I stumbled across Don Juan de Marco almost by accident, four years ago this very week.
Her name was Roxy, a dancer: slender, supple and succulent. At the time I was living in Tennessee, working as a baggage handler at Chattanooga Central Station. I guess it was my uniform that first attracted her. We weren't really an item, but Valentine's Day was on the way - a good opportunity to increase the probability of a possibility.
Up to that point our dating was on a downward spiral; I'd turn up at the club where she danced and, after her shift, she'd drift over to my corner of the bar, sit on my lap and down a few drinks. But due to my consumption as she worked, I usually ended up blotto, senselessly centless, sleeping in some doorway or alley - great craic, really! So I asked her out for Valentine's night, in an effort to break the vicious circle our "relationship" had become.
Kin Chung, a colleague of mine from Lost and Found, suggested I bring her to his granny's new restaurant, The Crouching Grasshopper. And following a leisurely multi-coursed explosive oriental culinary experience, me and Roxy could head back to my gaff. There, I had organised her favourite romantic film - you guessed it, Don Juan de Marco - and 48 cans of Bud chilling nicely in the cooler. I suppose I'm just an old-school romantic.
So, there I was Valentine's night, downtown Chattanooga, five past seven on Central Station clock, Roxy was running a bit late. That's when I saw her.
Only for her silhouette, I wouldn't have recognised her, as her new hairstyle was two feet higher than usual, all concealed under an Audrey Hepburn scarf.
"Roxy?"
"Hey! How's it going, kid," she said, and joked about not remembering my name. She insisted on taking a taxi despite the fact that my company bus pass was valid for two. Kin Chung's granny was up to high-do with excitement when we arrived - you see, I had given her a silver cross and chain to hide in Roxy's prawn soup, as a surprise. But by the time her soup arrived, Roxy had lowered half a dozen vodkas. Like a nightmare from hell, the woman at the next table began choking on what appeared to be a silver chain, just as Roxy fished a soggy G-string out of the depths of her bowl. Roxy hit the roof. The man to our right reached over and whipped away the offending undergarment saying: "Excuse me, I think that's ours." That's when I recognised my silver cross and chain as it was projected onto their table in a mouthful of prawns.

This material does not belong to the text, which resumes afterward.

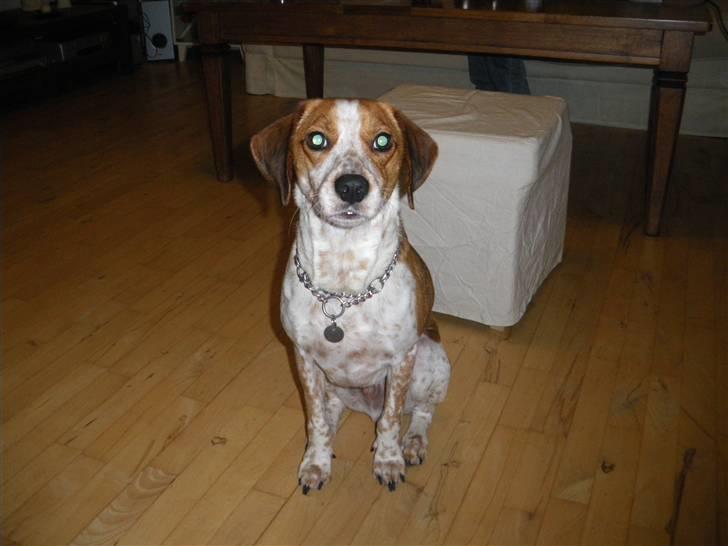 Blanding af racer William billede 13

Obviously Kin's Granny had mixed up the orders. Seemingly, we Caucasians all look alike.
With the liquor loosening Roxy's inhibitions, she loosened her scarf, revealing a head of hair that could be only described as an orange haystack.

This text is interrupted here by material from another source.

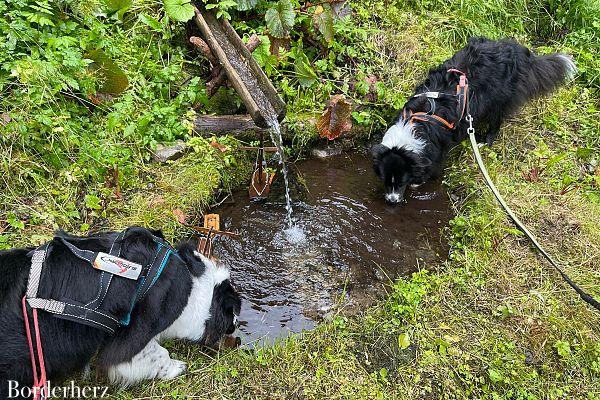 Hundefreundliche Hüttentour Zupalseehütte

"You know, Roxy, foxy is the new blond!" I said in an effort to hide my surprise.
"How dare you!" she screamed. "Call it auburn, call it copper, call it red! But how dare you call my hair foxy!"
She stormed out of The Crouching Grasshopper. I waited for an hour, finishing the two main courses and desserts, but Roxy never returned.
I waddled back to my gaff in the hope she might at least turn up to see her favourite film, but, alas, I encountered the exploits of Don Juan de Marco alone. Don Juan de Marco (1995) is like romance itself - you have to be in the mood. There is no point indulging romantic notions if your heart feels like it's been through a pepper mill. That said, it is a magical movie, exploring the romantic exploits of a psychiatric patient's alter ego, Don Juan (Johnny Depp) - thus acknowledging that romance is just a state of mind.
But it's in the juxtaposition of the surreal with reality that this film excels, as Don Juan's antics inspire his ageing psychiatrist (Marlon Brando) to become more romantically involved in his own floundering marriage. So, for those of you who are less cynical than I am about Valentine's Day, you could do a lot worse than spend the evening in with Johnny Depp, Marlon Brando, Faye Dunaway and Don Juan - but only if you're in the mood.